▶ [MATERIAL FOR THIS EXERCISE]
------------------------------------------------

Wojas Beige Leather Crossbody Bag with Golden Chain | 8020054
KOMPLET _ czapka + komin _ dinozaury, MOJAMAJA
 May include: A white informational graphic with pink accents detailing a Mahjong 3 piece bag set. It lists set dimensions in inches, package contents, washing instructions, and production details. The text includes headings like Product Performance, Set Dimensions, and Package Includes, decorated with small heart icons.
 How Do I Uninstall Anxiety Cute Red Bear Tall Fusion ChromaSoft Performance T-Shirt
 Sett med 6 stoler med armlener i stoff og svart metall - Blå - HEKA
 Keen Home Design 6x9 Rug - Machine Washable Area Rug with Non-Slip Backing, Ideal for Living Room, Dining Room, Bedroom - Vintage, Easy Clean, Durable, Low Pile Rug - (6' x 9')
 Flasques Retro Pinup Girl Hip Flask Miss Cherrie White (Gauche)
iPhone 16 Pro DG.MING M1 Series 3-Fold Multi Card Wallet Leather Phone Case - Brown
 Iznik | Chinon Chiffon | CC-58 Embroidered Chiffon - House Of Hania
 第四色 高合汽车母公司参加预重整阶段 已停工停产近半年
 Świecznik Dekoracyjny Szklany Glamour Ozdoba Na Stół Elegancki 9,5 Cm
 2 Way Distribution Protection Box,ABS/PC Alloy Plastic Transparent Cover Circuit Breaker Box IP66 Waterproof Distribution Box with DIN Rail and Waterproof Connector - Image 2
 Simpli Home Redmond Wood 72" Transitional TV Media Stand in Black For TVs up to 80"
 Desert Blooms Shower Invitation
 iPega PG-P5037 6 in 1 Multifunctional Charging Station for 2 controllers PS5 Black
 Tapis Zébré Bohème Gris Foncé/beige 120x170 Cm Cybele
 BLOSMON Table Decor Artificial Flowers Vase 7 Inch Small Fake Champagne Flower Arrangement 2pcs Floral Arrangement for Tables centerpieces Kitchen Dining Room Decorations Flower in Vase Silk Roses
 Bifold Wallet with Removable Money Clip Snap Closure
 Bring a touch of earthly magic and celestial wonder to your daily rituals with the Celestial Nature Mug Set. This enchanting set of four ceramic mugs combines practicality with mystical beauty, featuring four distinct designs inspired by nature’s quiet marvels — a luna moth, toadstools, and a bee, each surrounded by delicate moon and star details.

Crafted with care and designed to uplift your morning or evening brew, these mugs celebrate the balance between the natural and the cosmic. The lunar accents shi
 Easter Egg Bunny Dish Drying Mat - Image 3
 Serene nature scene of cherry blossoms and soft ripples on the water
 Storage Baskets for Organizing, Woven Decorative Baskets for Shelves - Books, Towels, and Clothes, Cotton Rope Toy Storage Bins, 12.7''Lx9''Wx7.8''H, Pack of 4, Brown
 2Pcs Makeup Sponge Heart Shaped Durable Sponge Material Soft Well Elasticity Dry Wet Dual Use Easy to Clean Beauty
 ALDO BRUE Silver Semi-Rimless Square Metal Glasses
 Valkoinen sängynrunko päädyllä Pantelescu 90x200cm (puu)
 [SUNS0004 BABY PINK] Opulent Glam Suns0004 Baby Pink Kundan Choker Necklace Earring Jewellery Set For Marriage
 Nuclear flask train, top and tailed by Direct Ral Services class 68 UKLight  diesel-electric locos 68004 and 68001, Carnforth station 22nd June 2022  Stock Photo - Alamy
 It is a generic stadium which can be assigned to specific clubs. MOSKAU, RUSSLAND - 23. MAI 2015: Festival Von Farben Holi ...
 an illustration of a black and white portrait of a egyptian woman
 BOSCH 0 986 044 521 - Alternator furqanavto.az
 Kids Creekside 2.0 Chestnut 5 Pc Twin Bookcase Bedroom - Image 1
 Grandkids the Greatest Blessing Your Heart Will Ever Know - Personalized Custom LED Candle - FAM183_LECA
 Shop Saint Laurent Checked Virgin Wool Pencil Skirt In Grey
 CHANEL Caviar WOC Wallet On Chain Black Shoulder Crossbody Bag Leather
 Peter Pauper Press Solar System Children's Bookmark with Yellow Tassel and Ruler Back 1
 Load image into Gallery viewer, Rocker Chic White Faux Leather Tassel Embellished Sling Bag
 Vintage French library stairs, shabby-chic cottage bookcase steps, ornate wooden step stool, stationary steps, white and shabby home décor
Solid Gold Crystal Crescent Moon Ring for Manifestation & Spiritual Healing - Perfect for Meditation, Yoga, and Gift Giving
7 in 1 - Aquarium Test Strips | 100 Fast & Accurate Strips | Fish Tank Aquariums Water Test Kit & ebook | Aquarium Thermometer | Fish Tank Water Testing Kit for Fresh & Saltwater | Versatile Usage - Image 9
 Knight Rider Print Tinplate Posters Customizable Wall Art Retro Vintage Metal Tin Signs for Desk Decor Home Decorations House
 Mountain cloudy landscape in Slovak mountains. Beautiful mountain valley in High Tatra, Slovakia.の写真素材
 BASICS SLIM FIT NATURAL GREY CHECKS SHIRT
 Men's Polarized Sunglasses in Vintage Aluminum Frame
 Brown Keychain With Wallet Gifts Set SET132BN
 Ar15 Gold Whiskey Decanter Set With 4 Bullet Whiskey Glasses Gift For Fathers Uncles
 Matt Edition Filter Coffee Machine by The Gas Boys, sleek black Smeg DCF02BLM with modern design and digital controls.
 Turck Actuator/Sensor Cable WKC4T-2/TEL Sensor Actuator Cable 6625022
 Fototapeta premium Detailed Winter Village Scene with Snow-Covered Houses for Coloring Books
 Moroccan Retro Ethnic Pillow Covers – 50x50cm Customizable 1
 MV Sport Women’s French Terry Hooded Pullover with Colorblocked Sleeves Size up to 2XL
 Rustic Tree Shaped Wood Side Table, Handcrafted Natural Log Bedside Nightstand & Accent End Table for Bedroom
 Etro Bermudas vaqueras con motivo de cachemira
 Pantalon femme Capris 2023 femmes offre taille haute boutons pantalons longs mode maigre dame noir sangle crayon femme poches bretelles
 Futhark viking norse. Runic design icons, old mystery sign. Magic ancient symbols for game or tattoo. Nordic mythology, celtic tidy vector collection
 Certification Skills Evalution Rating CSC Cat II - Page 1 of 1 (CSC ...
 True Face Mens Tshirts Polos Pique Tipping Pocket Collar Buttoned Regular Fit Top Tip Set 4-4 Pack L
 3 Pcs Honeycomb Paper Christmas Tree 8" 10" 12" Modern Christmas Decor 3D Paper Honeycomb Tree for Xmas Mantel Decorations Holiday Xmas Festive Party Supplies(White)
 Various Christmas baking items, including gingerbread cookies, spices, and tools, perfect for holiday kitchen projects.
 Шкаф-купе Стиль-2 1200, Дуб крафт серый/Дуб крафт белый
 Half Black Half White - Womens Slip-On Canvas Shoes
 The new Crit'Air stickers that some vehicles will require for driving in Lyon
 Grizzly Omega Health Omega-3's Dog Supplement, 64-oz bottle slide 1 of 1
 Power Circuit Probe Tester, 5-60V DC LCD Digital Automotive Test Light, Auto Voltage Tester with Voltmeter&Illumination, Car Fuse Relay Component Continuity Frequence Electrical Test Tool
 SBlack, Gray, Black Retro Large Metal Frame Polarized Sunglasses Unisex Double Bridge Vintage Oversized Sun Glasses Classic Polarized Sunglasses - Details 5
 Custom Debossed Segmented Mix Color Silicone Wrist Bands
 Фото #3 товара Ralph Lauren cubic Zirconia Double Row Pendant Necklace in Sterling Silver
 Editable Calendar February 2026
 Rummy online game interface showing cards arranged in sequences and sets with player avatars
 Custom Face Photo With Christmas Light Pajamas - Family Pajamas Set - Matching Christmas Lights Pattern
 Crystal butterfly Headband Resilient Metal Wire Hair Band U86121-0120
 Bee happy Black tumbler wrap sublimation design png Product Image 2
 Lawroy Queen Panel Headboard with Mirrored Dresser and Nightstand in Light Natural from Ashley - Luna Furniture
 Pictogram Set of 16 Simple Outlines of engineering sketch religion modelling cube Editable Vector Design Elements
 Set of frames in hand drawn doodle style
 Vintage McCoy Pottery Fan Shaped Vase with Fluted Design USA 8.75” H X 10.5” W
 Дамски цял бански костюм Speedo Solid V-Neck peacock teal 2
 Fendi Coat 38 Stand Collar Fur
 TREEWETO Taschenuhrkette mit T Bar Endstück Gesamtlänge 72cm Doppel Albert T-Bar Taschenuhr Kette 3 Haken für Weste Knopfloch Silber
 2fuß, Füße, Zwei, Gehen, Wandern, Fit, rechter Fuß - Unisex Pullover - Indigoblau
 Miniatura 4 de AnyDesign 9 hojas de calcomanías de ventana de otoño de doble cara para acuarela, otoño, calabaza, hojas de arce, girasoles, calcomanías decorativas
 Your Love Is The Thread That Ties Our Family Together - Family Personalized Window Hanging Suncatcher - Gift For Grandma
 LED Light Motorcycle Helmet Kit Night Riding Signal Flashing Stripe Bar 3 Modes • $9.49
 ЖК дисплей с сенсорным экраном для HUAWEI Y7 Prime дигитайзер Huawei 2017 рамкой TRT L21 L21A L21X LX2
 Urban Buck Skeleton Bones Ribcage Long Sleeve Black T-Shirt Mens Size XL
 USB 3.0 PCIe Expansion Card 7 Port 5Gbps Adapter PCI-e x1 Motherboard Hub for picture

------------------------------------------------

▶ [EXERCISE INSTRUCTIONS] Take the first line of the material above as the start and the line that contains "Świecznik Dekoracyjny Szklany" as the end. Output only that span, every line exactly as it stands.

▶ [THE ANSWER]
Wojas Beige Leather Crossbody Bag with Golden Chain | 8020054
KOMPLET _ czapka + komin _ dinozaury, MOJAMAJA
 May include: A white informational graphic with pink accents detailing a Mahjong 3 piece bag set. It lists set dimensions in inches, package contents, washing instructions, and production details. The text includes headings like Product Performance, Set Dimensions, and Package Includes, decorated with small heart icons.
 How Do I Uninstall Anxiety Cute Red Bear Tall Fusion ChromaSoft Performance T-Shirt
 Sett med 6 stoler med armlener i stoff og svart metall - Blå - HEKA
 Keen Home Design 6x9 Rug - Machine Washable Area Rug with Non-Slip Backing, Ideal for Living Room, Dining Room, Bedroom - Vintage, Easy Clean, Durable, Low Pile Rug - (6' x 9')
 Flasques Retro Pinup Girl Hip Flask Miss Cherrie White (Gauche)
iPhone 16 Pro DG.MING M1 Series 3-Fold Multi Card Wallet Leather Phone Case - Brown
 Iznik | Chinon Chiffon | CC-58 Embroidered Chiffon - House Of Hania
 第四色 高合汽车母公司参加预重整阶段 已停工停产近半年
 Świecznik Dekoracyjny Szklany Glamour Ozdoba Na Stół Elegancki 9,5 Cm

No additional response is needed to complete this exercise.